Attention#

MultiHeadAttention(*args, **kwargs)

Multi-head attention layer.

AttentionType(value)

Built-in attention backend selectors.

Multi-head attention#

class attnax.MultiHeadAttention(*args, **kwargs)[source]#

Bases: Module

Multi-head attention layer.

Supports MHA, GQA (1 < num_kv_heads < num_heads) and MQA (num_kv_heads == 1); optional rotary position embeddings on Q and K; an attention backend selected by AttentionType or a user-supplied AttentionFn; an optional ScoreMod and causal sliding-window; and an optional KVLayerCache for autoregressive decoding.

Parameters:
  • rngs – Flax NNX random key container.

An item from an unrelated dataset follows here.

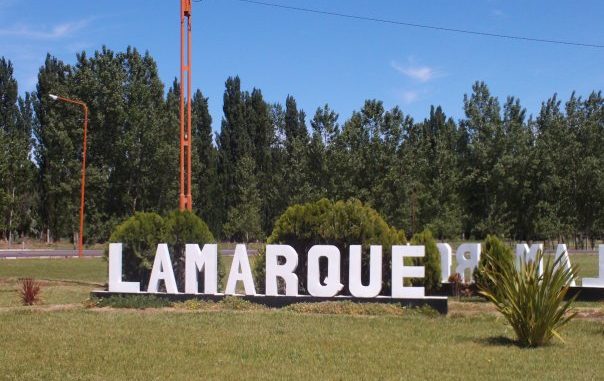 Durante mayo se desarrollarán distintas actividades deportivas, culturales y educativas para celebrar el aniversario de la localidad.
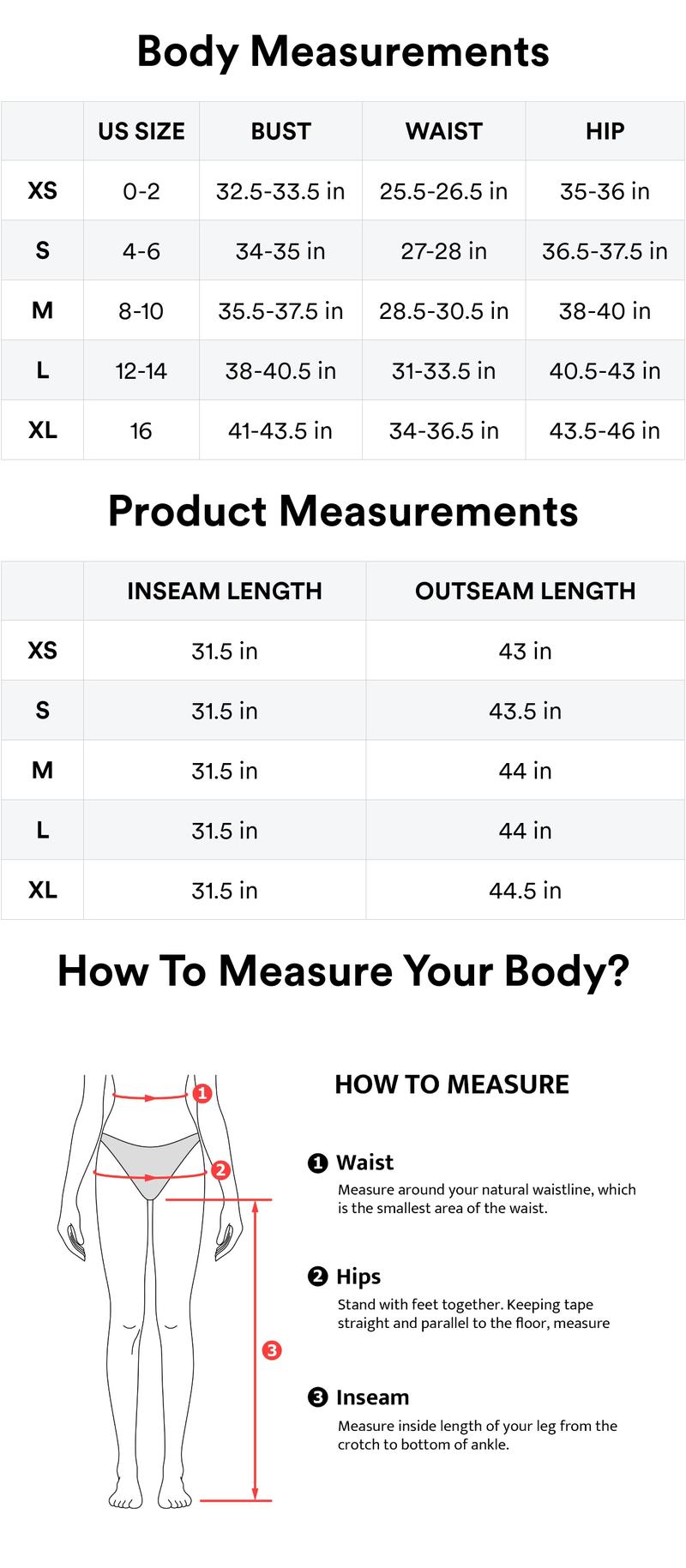 Halara Ribbed SoCinched High Waisted Tummy Control Drawstring Wide Leg Color Block Casual Pants with Side Pockets Halara Ribbed SoCinched High Waisted Tummy Control Drawstring Wide Leg Color Block Casual Pants with Side Pockets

  • num_heads – Number of query heads.

  • in_features – Input dimensionality.

  • qkv_features – QKV projection width. Defaults to in_features.

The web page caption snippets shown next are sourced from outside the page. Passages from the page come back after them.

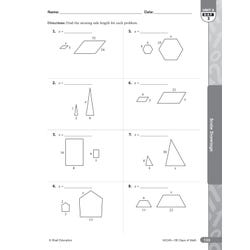 ANGLEIMAGES_FULLIMAGE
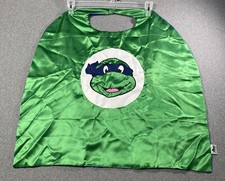 Kids dress costumes for sale  Flowery Branch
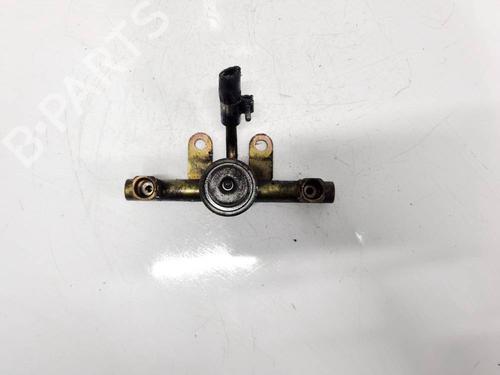Used Injection rail Injection rail 35161714 35161714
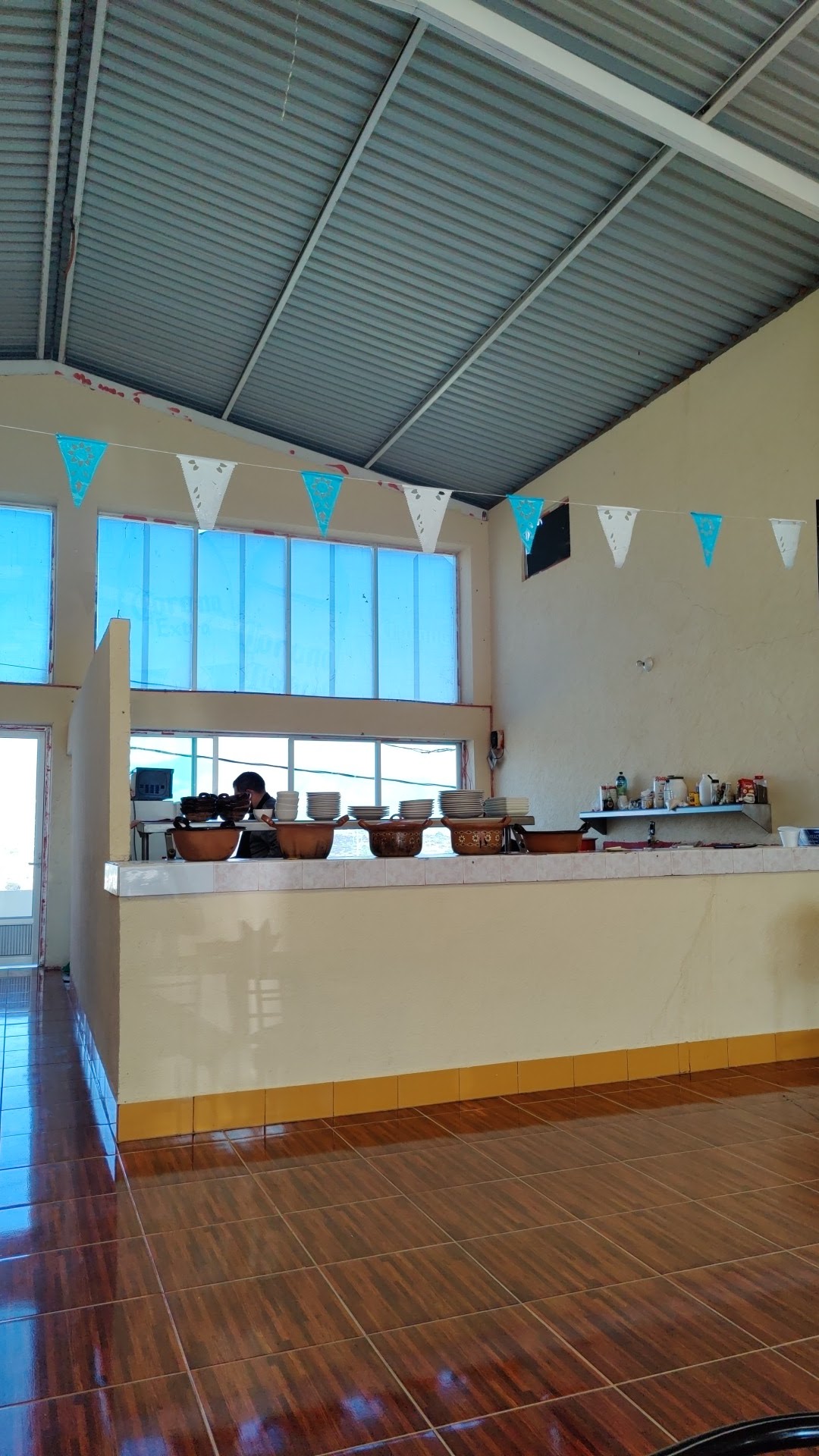 RESTAURANTE LAS CAZUELAS image 8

  • out_features – Output projection width. Defaults to in_features.

  • num_kv_heads – Number of key/value heads. Must divide num_heads. Defaults to num_heads (MHA).

  • dropout_rate – Output dropout probability.

  • broadcast_dropout – Share the dropout mask across the batch.

  • decode – Reserved; kept for API compatibility.

  • attention_type – Built-in backend selection. Ignored when attention_fn is set.

  • attention_block_size – Block size for memory_efficient, flash and pallas_flash backends.

  • linear_attention_chunk_size – Chunk size for the linear backend.

  • attention_fn – Custom kernel conforming to AttentionFn. Takes priority over attention_type.

  • score_modScoreMod applied on every call.

  • attention_window – Causal sliding-window size. When set, each query attends only to the most recent attention_window keys.

  • use_rope – Apply rotary position embeddings to Q and K. Requires even head_dim.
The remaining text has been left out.